Malgré tout, le succès de L'Orgueil des marines et les excellentes critiques reçues par les interprètes ne suffirent pas à établir Eleanor comme une grande vedette maison, à qui la Warner aurait proposé ses meilleurs projets. L'actrice enchaîna alors avec une série de films très oubliables, que je n'ai d'ailleurs jamais eu envie de revoir. Dans Never Say Goodbye (1946), une comédie de remariage héritière des années 1930, elle donne avec beaucoup d'élégance et un certain piquant la réplique à Errol Flynn, sans que la médiocrité du scénario et de la mise en scène lui permette de faire montre de l'abattage comique typique des actrices d'antan, comme aurait pu le faire par exemple son idole Carole Lombard. Elle retrouva Flynn un an plus tard dans Escape Me Never, encore une histoire d'un autre temps qui avait déjà été adaptée par le cinéma britannique en 1935 avec Elisabeth Bergner. C'est ici Ida Lupino qui reprend le rôle qui avait valu à l'actrice autrichienne une nomination aux Oscars, mais le film est tellement insipide que je suis incapable de me rappeler quoi que ce soit, sinon qu'elle y porte une culotte tyrolienne. Eleanor est quant à elle très distinguée dans le rôle de la jeune fille de bonne famille, mais ce n'est clairement pas sa prestation la plus mémorable. Idem la même année pour L'Aventure à deux (The Voice of the Turtle), l'adaptation d'un grand succès de Broadway où Ronald Reagan tente de vaincre ses préjugés envers l'amour, et où on l'aurait souhaitée plus malicieuse.
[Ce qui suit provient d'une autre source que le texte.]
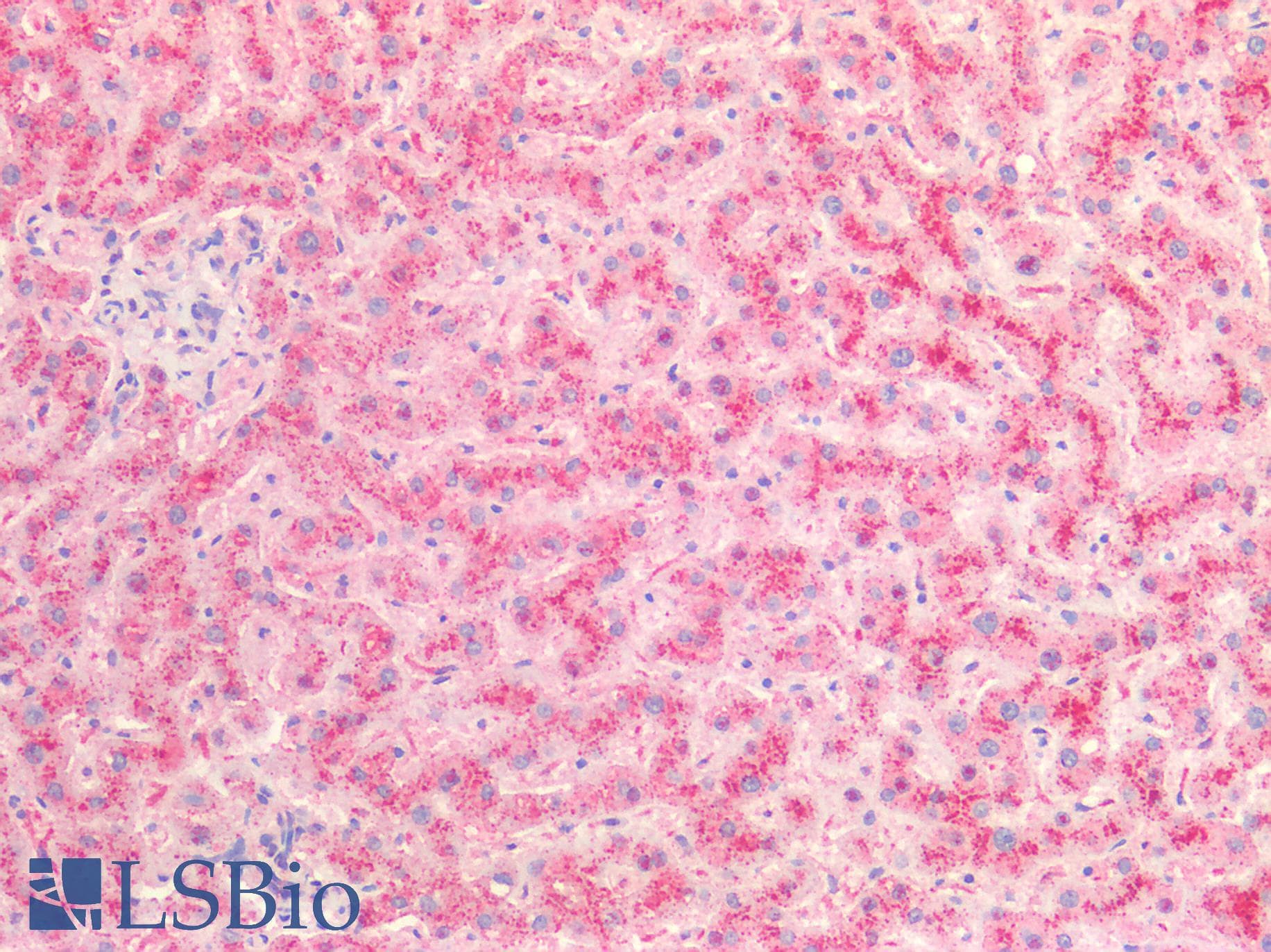IHC-plus™ CTSB / Cathepsin B Antibody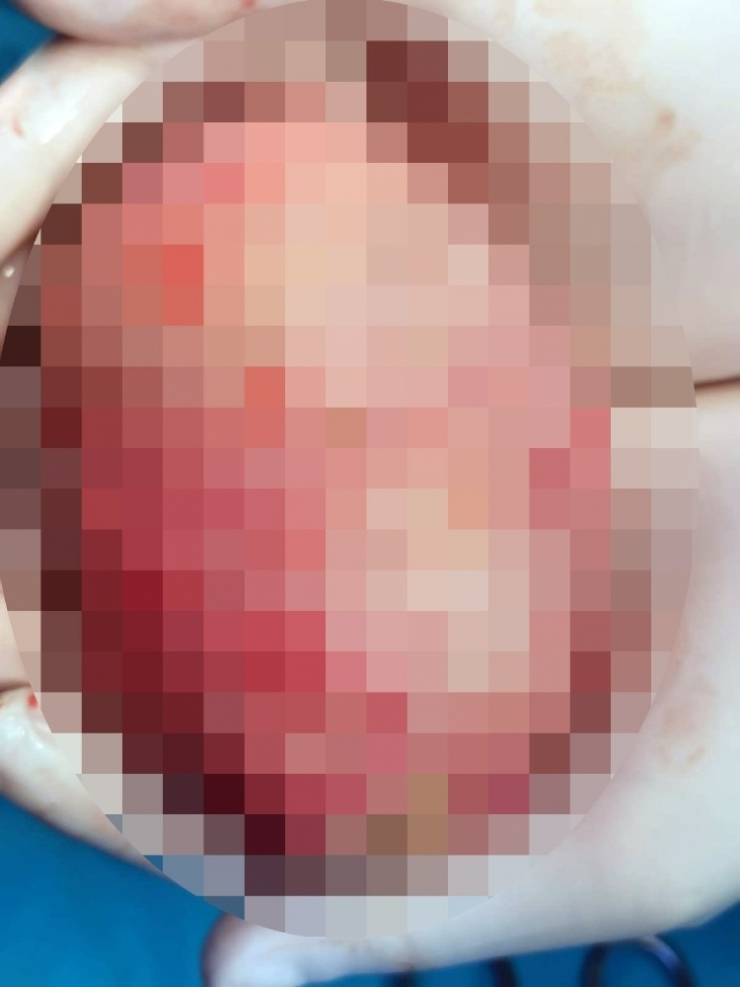 Rahminden 15 Santimlik Miyom Çıktı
Reste alors La Femme en blanc (The Woman in White), un film gothique de 1948 inspiré d'un roman policier victorien. On y suit les aventures de Gig Young qui croise, de nuit dans la forêt, une mystérieuse femme vêtue d'un capuchon blanc, et qui le lendemain fait la rencontre d'une autre femme qui ressemble fortement à la première, malgré un comportement plus racé. Eleanor joue les deux rôles avec un talent évident, d'une part la femme en blanc échappée de l'asile qui tente de mettre en garde la seconde, et d'autre part la riche héritière qui ne voit pas le piège prêt à se refermer sur elle. Mais elle va plus loin encore puisqu'elle doit aussi incarner l'évolution de l'héritière tombée sous l'emprise d'une personne néfaste, et qui se met de plus en plus à ressembler à la folle. Outre l'intensité qu'elle manifeste sur son visage, la manière dont elle utilise son corps afin de marquer cette transformation physique reste très forte, mais cela tourne malheureusement à vide car le film, que j'avais très envie d'aimer, n'est pas à la hauteur de son engagement. Le metteur en scène ne sait pas entretenir le mystère, et l'enquête menée conjointement par Gig Young et Alexis Smith manque de relief : Eleanor désavouera d'ailleurs ce projet malgré un scénario alléchant sur le papier.



La consécration

Par bonheur, ce n'était plus qu'une question de temps avant qu'Eleanor hérite enfin d'un rôle complexe qui soit aussi porté par un bon film. Le début des années 1950 fut le moment de la consécration où elle put jouir de succès critiques et publics, avec en prime deux nominations consécutives aux Oscars et une coupe Volpi au festival de Venise pour couronner le tout ! Le premier des deux films qui assurèrent son triomphe est le tranchant Femmes en cage (Caged), sorti en 1950 et considéré comme un projet prestigieux qu'on avait proposé en priorité à Bette Davis et Joan Crawford, qui avaient toutes deux refusé d'y paraître. Cela permit à Eleanor de marcher sur les traces de ses aînées en n'ayant pas peur d'altérer son physique pour les besoins du rôle. En effet, elle y joue une voleuse naïve envoyée en prison, où elle est maltraitée par ses compagnes de cellule et surtout par ses geôlières qui finissent par lui raser la tête, ce qui fut réalisé sans trucage. Magnifiquement torturée tel un agneau égaré dans la première partie du film, Eleanor souligne avec brio l'endurcissement de la pauvre Marie, qui désormais dépendante de la cigarette finit par tenir tête à tout le monde. Ce film important, réalisé par John Cromwell et scénarisé par Virginia Kellogg, qui alla quant à elle jusqu'à se faire volontairement interner pour mieux comprendre l'environnement carcéral (!), s'inscrit dans la lignée de La Fosse aux serpents pour dénoncer la maltraitance des institutions envers leurs pensionnaires, et montrer en quoi ces méthodes ne conduisent fatalement qu'à la récidive.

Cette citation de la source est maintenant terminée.